PHYSICS NEWS UPDATE A digest of physics news items prepared by Phillip F. Schewe, AIP Publ
PHYSICS NEWS UPDATE
A digest of physics news items prepared by Phillip F. Schewe, AIP
Public Information
Number 150 November 5, 1993
CHAINS OF CRATERS ON CALLISTO AND GANYMEDE, two
of Jupiter's moons, are now explained as being mostly due to split
comets like Comet Shoemaker-Levy, which has broken into a chain
of 22 fragments and is headed for a smashup with Jupiter in July
1994. Jay Melosh of the University of Arizona and Paul Schenk of
the Lunar and Planetary Institute cite as evidence the fact that nearly
all of Callisto's crater chains are on the Jupiter-facing hemisphere.

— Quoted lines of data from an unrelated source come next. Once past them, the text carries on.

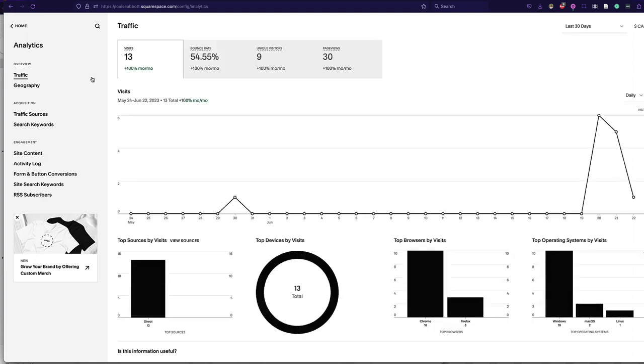So if you click on the analytics, up at the top it tells you what the traffic is. These are the site visits. You can see there's 13 visits per month. That's probably you and me.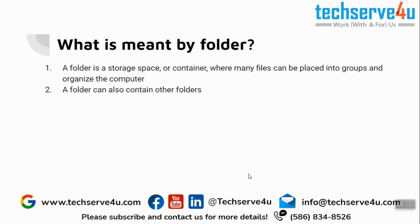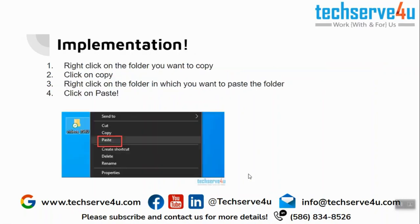It can store other folders and also shortcuts of programs or other programs. So this is the folder in a computer system. This is how we are going to implement this video. Now let's get started.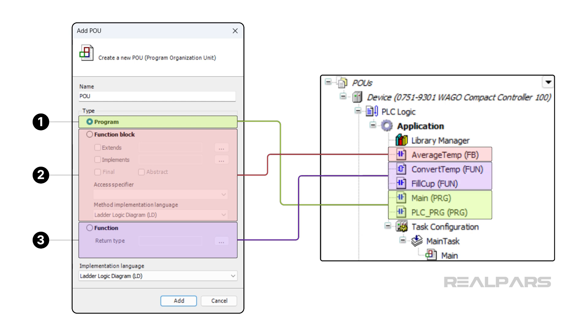By the end of the course, you will be comfortable with creating structured modular PLC projects using Programs, Functions, and Function Blocks.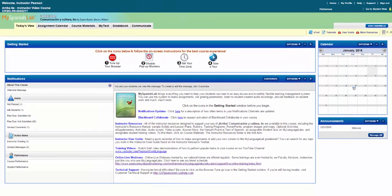This video will walk you through how to assign due dates for course materials in the assignments calendar of your My Language Labs course. The steps shown here apply to any My Language Labs course.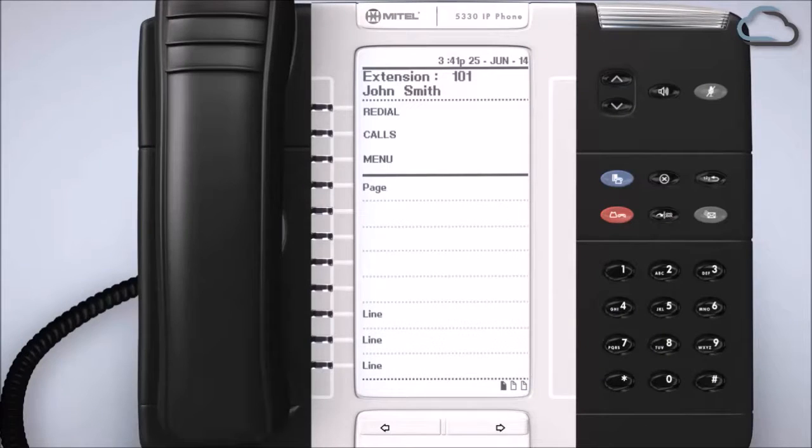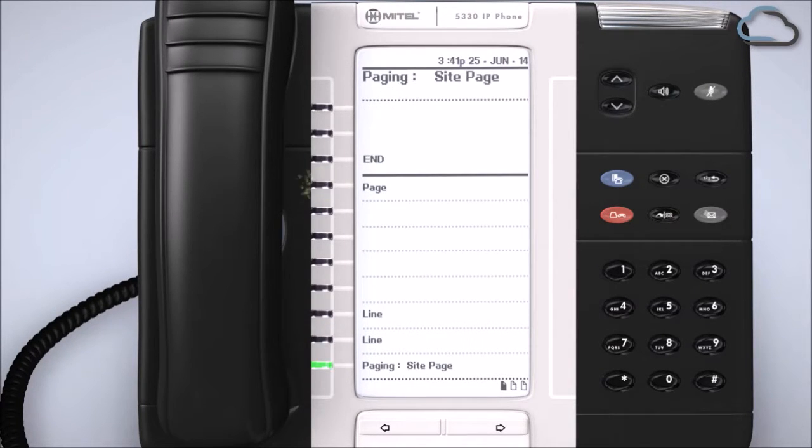When you are ready to broadcast an announcement through all phones on site, press this newly created button on your phone and speak.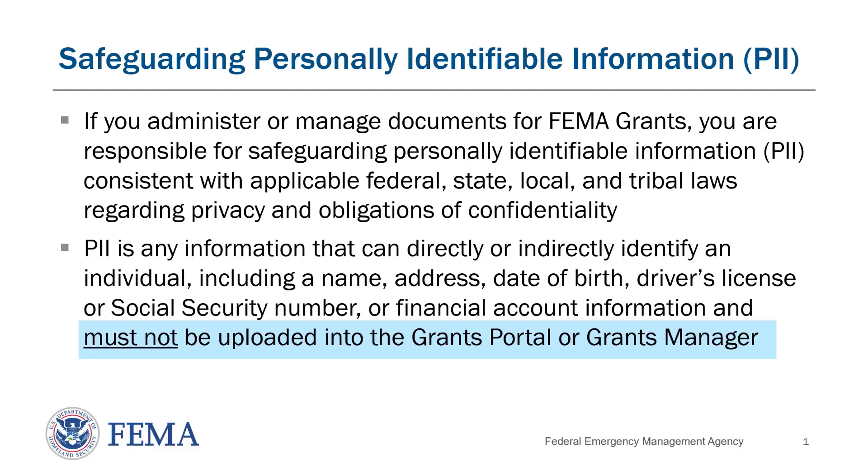Please be aware that if you are working with any documents used for a FEMA grant, you are responsible for Safeguarding Personally Identifiable Information, or PII. PII refers to anything that can be used to directly or indirectly identify an individual. Some examples of sensitive PII are addresses, social security numbers, and financial account information. This type of information must not be uploaded into Grants Portal or Grants Manager.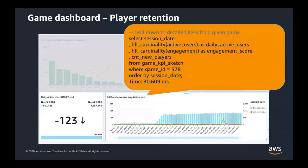Now let's drill down to a specific game to see the daily active user trend and new user acquisition trend. We can observe there was a big increase at the end of October. This is because the new release of the game included a feature to allow players to send gifts to their friends and invite them to play the game, which helped bring lots of new users.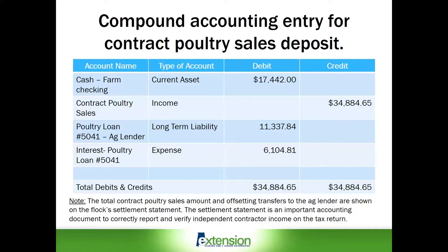Then we have the next two line items that account for the difference. The first is the poultry loan, which is a long-term liability of the farm to the ag lender. In this example, we are recording a principal note payment of $11,337.84. Additionally, we have interest on this poultry loan, which is an expense account for $6,104.81. Payments or reductions on long-term liabilities are recorded as debit entries, and the interest expense is also recorded as a debit entry.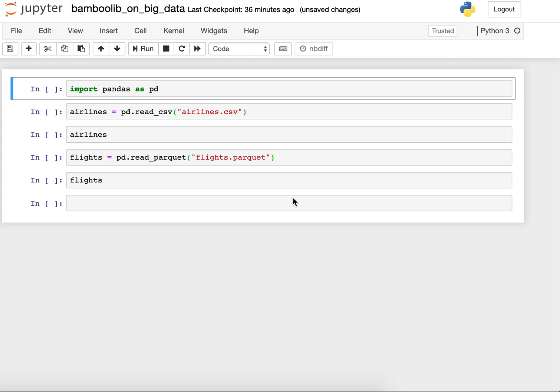Hi, this is Florian and today I will show you how BambooLib works on Big Data. I will do this demo on my local MacBook Pro and let's see how it goes.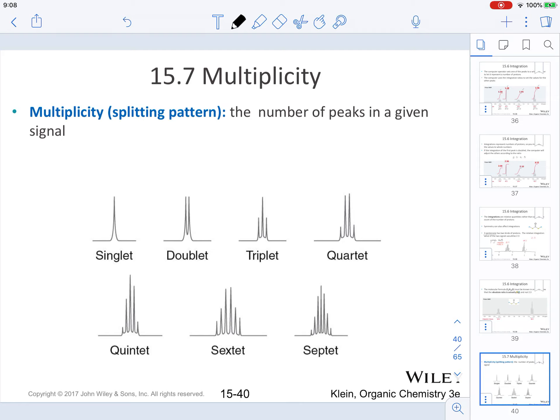A few moments ago you heard the terms quartet and triplet — these refer to the pattern in the way the peaks look. The number of peaks in a signal can follow different patterns: a single peak is called a singlet, two peaks is a doublet, three peaks where the middle one is larger is a triplet. Going along, we have quartets, quintets, sextets, and septets.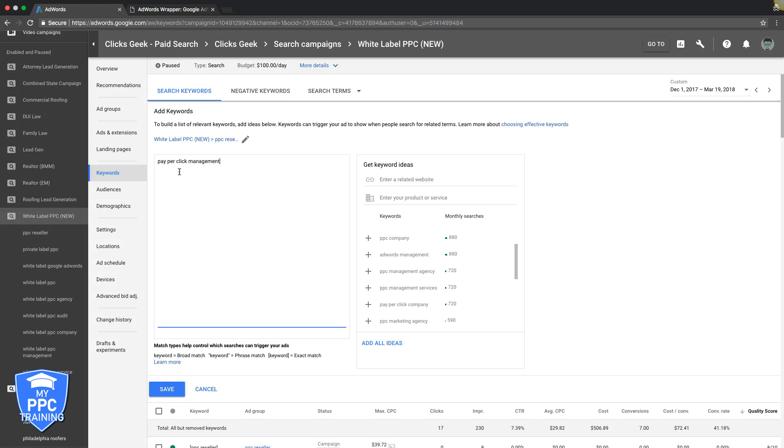And you might think, 'Oh, who cares Rob? No one's gonna click my ad for that if it's about pay-per-click management.' No, they will. Trust me, they will. They will click it and you will spend money, and it's a huge waste of your time and your money. So just stay away from it. It's a total waste of your time.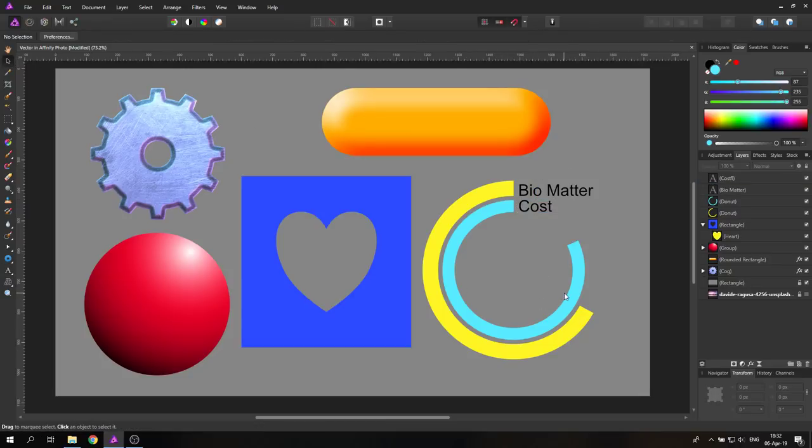That was the video for today with six different tricks on how to use vectors right inside Affinity Photo. Thank you very much for watching and see you in the next video. Bye!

In a separate paper, Melosh and James Scotti use a tidal-breakup
model to calculate the size of the Shoemaker-Levy parent comet as
being about 2 km. (Nature, 21 Oct. 1993.) Hubble Space Telescope
pictures of the fragments suggest a size more like 3-4 km. The
uncertainty in the size estimates translates into an uncertainty factor
of 1000 for the energy of the collision. In any case, the ensuing
explosions will cause Jupiter to ring, which might provide some rare
seismological information about the planet's interior. (Nature, 28
Oct. 1993.) Study of reverberating waves in Jupiter's atmosphere
should allow scientists to sharpen their views on the nature of the
Great Red Spot. (Science, 22 Oct.)
HINGED NETWORK CRYSTALS, a hypothetical class of materials,
have bizarre mechanical and thermal properties: when stretched they
become thicker (i.e., they have a negative Poisson's ratio) and more
dense; when heated they contract. These materials, investigated by
Ray Baughman of Allied Signal, Inc. (Morristown, NJ) and Douglas
Galvao of the Physics Institute in Sao Paulo, Brazil, consist of twisted
chains of interconnected polydiacetylene molecules. Unlike other
negative-Poisson materials (generically called auxetics), these
computer-designed materials derive their predicted novel properties
from the interconnectivity of various parallel and non-parallel bonds
in alternating layers, which allows the chains to twist, hingelike and
with a minimum amount of energy expenditure, without changing the
network bond lengths. Such crystals, if they could be synthesized by
chemists, might also have interesting optical and electrical properties.
(Nature, 21 Oct.)
ATOM-OPTICS TECHNIQUES FOR MICROCIRCUIT
LITHOGRAPHY keeps improving. Using the electric fields of laser
light as a lens, scientists at NIST (Robert Celotta, 301-975-3710)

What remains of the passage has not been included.